Channel Tunnel operator Eurotunnel has unveiled a debt restructuring plan aimed at placating its creditors and staving off collapse.
Eurotunnel hopes to keep bankruptcy at bay
Under the deal, existing shareholders would have a minimum 13% stake in a new company that would make an offer for Eurotunnel's shares early next year.
The move comes nearly three months after the firm was granted bankruptcy protection in a French court.
Creditors will have to vote on the proposals before the end of November.
Eurotunnel, which has a debt mountain of £6.2bn ($11.7bn), will go into administration if the plan is defeated.
The restructuring plan involves the creation of a new firm, Groupe Eurotunnel, bolstered by a long-term loan of £2.84bn from a consortium of banks including Goldman Sachs, Deutsche Bank and Citigroup.

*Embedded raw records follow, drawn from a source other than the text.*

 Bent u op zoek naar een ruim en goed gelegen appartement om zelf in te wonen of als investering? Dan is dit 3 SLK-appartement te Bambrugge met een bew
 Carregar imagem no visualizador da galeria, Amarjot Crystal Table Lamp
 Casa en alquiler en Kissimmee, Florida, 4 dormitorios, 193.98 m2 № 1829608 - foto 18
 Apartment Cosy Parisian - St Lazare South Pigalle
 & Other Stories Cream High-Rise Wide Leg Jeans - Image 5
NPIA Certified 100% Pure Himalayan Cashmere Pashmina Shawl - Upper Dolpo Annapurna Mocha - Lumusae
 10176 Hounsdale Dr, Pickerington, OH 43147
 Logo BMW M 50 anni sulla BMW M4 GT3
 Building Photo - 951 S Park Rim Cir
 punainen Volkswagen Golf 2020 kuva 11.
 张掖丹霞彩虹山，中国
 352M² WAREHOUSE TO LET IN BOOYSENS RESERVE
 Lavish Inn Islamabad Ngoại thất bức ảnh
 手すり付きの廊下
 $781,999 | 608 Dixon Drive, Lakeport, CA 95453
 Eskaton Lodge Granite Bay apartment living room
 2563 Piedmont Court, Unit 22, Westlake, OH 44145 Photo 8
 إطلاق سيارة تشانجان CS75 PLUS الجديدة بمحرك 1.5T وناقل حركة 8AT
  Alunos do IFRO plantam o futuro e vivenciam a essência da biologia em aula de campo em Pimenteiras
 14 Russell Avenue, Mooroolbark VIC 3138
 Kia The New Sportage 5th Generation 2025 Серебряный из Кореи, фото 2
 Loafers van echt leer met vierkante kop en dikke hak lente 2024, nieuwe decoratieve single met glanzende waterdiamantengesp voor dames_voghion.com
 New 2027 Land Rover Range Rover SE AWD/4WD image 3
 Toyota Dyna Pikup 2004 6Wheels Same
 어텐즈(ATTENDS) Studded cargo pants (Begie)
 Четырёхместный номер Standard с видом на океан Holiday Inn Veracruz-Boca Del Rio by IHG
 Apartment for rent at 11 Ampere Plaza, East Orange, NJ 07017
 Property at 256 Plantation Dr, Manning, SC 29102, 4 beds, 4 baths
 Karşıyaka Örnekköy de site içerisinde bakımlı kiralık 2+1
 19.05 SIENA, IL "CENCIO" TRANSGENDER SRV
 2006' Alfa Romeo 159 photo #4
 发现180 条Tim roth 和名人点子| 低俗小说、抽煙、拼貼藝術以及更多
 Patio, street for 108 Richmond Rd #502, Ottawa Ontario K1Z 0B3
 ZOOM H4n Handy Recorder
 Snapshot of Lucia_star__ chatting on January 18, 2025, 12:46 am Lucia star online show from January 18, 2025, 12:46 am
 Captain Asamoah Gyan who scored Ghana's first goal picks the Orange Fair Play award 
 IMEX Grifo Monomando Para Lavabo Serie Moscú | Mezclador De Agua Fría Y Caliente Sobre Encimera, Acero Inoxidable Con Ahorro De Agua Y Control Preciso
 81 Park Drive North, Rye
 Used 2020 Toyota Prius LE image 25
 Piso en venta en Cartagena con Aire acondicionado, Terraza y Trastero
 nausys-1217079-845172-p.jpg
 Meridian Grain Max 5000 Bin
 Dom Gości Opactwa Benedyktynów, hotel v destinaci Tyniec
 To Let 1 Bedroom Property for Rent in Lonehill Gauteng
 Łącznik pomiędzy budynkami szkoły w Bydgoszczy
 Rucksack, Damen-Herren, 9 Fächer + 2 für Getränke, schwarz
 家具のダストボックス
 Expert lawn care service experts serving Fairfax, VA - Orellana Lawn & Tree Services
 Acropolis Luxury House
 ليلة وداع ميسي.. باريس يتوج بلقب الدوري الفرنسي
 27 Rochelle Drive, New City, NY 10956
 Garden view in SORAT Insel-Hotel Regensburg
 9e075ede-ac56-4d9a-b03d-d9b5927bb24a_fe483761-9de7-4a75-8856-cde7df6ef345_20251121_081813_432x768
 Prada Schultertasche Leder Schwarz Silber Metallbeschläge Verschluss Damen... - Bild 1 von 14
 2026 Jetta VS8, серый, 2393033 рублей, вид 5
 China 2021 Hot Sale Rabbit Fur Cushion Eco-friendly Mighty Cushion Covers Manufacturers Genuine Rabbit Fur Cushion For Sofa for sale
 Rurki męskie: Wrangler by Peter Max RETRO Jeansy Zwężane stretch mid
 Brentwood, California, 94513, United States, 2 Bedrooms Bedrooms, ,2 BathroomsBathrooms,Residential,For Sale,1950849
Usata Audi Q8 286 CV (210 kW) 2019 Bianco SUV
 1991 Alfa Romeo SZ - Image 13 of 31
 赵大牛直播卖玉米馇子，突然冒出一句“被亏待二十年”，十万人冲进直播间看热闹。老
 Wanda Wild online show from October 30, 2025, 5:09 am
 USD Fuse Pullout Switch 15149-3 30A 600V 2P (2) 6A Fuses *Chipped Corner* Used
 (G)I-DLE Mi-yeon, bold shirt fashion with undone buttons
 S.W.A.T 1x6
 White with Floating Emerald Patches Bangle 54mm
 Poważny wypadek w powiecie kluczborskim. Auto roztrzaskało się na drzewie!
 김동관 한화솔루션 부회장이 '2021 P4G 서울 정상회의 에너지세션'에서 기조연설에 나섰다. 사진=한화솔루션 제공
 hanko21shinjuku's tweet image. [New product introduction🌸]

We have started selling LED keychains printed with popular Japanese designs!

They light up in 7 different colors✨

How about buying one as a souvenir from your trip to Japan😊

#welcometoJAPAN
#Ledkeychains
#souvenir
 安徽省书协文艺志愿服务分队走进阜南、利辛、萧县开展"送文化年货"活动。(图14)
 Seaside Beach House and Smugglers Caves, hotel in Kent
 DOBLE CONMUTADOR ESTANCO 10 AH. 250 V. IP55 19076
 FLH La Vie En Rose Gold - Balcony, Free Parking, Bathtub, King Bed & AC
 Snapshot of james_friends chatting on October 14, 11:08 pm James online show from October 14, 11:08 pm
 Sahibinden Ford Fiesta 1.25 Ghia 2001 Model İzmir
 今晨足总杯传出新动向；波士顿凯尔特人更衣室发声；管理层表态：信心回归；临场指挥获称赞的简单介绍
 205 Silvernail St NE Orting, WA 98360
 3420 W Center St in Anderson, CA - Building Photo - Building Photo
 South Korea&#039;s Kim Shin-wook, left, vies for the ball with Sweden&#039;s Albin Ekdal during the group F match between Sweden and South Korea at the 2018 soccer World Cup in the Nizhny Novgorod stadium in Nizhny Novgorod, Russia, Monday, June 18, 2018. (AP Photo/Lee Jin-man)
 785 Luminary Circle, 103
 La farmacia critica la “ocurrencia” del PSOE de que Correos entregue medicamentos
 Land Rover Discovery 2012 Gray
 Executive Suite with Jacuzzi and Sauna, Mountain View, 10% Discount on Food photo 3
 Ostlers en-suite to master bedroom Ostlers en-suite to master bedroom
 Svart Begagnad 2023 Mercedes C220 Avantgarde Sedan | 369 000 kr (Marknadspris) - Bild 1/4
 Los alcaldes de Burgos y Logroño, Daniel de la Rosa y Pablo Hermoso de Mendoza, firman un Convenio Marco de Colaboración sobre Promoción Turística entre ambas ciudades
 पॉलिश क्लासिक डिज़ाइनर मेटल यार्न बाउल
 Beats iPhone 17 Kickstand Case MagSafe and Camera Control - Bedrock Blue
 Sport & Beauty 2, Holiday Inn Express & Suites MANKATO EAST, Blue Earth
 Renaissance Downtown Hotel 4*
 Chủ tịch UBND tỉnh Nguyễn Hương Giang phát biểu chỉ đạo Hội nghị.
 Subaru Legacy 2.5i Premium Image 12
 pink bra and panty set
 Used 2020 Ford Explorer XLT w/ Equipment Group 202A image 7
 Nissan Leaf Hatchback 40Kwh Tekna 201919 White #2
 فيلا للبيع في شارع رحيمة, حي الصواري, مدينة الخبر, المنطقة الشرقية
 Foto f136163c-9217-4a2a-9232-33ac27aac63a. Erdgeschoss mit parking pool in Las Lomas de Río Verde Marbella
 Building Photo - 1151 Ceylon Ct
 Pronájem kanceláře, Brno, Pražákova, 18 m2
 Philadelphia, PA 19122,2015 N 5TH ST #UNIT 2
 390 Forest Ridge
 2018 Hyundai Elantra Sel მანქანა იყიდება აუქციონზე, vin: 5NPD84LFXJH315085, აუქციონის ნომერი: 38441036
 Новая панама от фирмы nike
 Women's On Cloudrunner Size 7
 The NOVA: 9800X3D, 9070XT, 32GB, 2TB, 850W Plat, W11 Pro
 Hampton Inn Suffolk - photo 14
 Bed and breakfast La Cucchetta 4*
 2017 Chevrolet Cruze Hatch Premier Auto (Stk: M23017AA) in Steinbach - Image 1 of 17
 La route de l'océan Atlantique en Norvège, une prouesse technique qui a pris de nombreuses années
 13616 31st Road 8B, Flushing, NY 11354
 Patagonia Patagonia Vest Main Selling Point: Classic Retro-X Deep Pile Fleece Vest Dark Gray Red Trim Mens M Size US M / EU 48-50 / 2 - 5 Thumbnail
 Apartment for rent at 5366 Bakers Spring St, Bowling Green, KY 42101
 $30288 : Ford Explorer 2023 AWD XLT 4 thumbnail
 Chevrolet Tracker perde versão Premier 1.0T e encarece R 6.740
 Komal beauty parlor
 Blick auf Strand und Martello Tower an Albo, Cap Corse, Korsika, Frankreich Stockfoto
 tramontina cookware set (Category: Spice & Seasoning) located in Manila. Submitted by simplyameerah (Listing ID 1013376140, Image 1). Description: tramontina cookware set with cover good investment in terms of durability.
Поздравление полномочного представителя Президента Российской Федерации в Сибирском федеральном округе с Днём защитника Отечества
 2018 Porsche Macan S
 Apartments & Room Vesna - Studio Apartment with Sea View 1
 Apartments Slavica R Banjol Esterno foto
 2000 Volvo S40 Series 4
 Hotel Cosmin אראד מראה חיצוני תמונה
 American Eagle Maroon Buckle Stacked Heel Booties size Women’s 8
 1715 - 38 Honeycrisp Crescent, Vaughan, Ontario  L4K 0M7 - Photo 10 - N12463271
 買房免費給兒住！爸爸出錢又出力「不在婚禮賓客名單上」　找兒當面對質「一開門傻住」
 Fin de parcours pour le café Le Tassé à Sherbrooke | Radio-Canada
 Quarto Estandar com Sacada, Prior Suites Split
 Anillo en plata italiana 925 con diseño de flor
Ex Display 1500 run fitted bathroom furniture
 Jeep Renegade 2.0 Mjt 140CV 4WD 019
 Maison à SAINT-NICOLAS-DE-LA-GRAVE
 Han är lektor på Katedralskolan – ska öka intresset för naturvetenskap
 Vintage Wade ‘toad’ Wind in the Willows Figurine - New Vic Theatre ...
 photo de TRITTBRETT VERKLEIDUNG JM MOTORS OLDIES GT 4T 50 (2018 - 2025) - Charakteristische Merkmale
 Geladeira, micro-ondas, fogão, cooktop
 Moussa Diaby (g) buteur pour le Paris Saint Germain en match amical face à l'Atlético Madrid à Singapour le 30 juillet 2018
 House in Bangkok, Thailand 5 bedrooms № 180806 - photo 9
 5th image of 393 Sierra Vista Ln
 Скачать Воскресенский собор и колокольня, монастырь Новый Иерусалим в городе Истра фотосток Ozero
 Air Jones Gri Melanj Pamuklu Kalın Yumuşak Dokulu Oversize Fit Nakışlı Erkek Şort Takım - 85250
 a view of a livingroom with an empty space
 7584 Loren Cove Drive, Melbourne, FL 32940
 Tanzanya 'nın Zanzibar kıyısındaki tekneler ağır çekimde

Groupe Eurotunnel would make an exchange tender offer to current Eurotunnel shareholders and would issue convertible hybrid notes worth nearly £1.3bn.
Eurotunnel boss Jacques Gounon said the plan would allow the company to relaunch from a solid base, adding that it offered the "best possible equilibrium between the demands of the different stakeholders".
"We will have turned the page on 20 years of an often painful history," he said.
Mr Gounon said he believed Eurotunnel was already close to having the necessary majority required to approve the restructuring.
Eurotunnel ran up massive debts during construction of the cross-channel rail tunnel, which opened in 1994.
Its business plan quickly got into difficulties when actual passenger numbers were greatly below its projections.